I am going to make a small series of posts about the Scudo hardened allocator, starting with some general considerations then getting into technical details.

Scudo is a user-mode allocator which aims at providing additional mitigation against heap based vulnerabilities, while maintaining good performance. It’s open-source, part of LLVM’s compiler-rt project, and external contributions are welcome.
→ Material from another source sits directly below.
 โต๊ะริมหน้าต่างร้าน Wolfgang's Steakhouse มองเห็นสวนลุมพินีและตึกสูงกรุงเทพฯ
Scudo is currently the default allocator in Fuchsia, is enabled in some components in Android, and is used in some Google production services. While it was initially implemented on top of some of sanitizer_common’s components, it is being rewritten to be standalone, without dependencies to other compiler-rt parts, for easier use (and additional performance and security benefits).

Why another allocator?

The journey started a few years ago while exploring the landscape of usermode allocators on Linux. It is no secret that Google uses tcmalloc, and in all honesty, the internal version is blowing everything else away. By a lot. But as it was noted by my esteemed former-colleagues Sean and Agustin, its resilience to abuse is ... lackluster, to say the least.
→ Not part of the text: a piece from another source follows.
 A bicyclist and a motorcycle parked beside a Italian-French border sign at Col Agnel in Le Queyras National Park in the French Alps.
To understand our options, let’s have a look at a somewhat typical benchmark for production services at Google, involving a lot of asynchronous threading, protobufs, RPCs and other goodies, all of that running on a 72 core Xeon machine with 512GB of RAM (this is not meant to be the most rigorous of comparison, but give you an idea of what’s up). The first metric is the number of Queries Per Second, the second is the peak RSS of the program (as reported by /usr/bin/time).


Allocator

QPS (higher is better)

Max RSS (lower is better)

tcmalloc (internal)
410K
357MB
356K
1359MB
dlmalloc (glibc)
295K
333MB
142K
710MB
24K
393MB
18K
458MB
FATALERROR**

SIGSEGV***

scudo (standalone)
400K
318MB

* hardened_malloc is mostly targeting Android, and only supports up to 4 arenas currently so the comparison is not as relevant as it strongly impacts concurrency. Increasing that number yields to mmap() failures.
** Guarder only supports up to 128 threads per default, increasing that number results in mmap() failures. Limiting the number of threads is the only way I found to make it work, but then the results are not comparable to the others.
*** I really have no idea how real world payloads ever worked with those two.
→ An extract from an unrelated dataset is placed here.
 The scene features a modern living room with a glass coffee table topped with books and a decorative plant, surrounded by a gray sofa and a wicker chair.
tcmalloc & jemalloc are fast, but not resilient against heap based vulnerabilities. dlmalloc is, well, sometimes more secure than others, but not as fast. The secure allocators are underperforming, when working at all. I am not going to lie, some benchmarks are less favorable to Scudo, some others more, but this one is representative of one of our target use cases.
The idea of Scudo is to fall in the category of “as fast as possible while being resilient against heap based bugs”. Scudo is not the most secure allocator, but it will (hopefully) make exploitation harder, with a variety of configurable options that allow for increased security (but that comes with a cost in performance and memory footprint, like the Quarantine). It is also meant to be a good working ground for future mitigation (such a memory tagging, or GWP-ASan).

Origins

While various options for improving existing allocators were considered, a meeting with Kostya Serebryany‎ lead to the plan of record: building upon the existing sanitizer_common allocator to create a usermode allocator that would be part of LLVM’s compiler-rt project.

The original sanitizer allocator, which is used as a base for the ones of ASan, TSan, LSan, was originally written by Kostya and Dmitry Vyukov‎, and featured some pretty neat tricks that made it fast, and extensible.

A decent amount of things had to be changed (things were allocated from a fixed base address, in a predictable fashion, overall memory consumption was on higher side, etc). The original version targeted Linux only, and then support came for other Google platforms, Android first, and then Fuchsia.

Aleksey Shlyapnikov did some work to make Scudo work on Solaris with SPARC ADI for some memory tagging research, but that work was never upstreamed. I will probably revisit that at some point. As for other platforms, they will be up to the community.

Fuchsia decided to adopt Scudo as their default libc allocator, which required rewriting the code to remove dependencies to sanitizer_common - and we are reaching the final stages of the upstreaming process.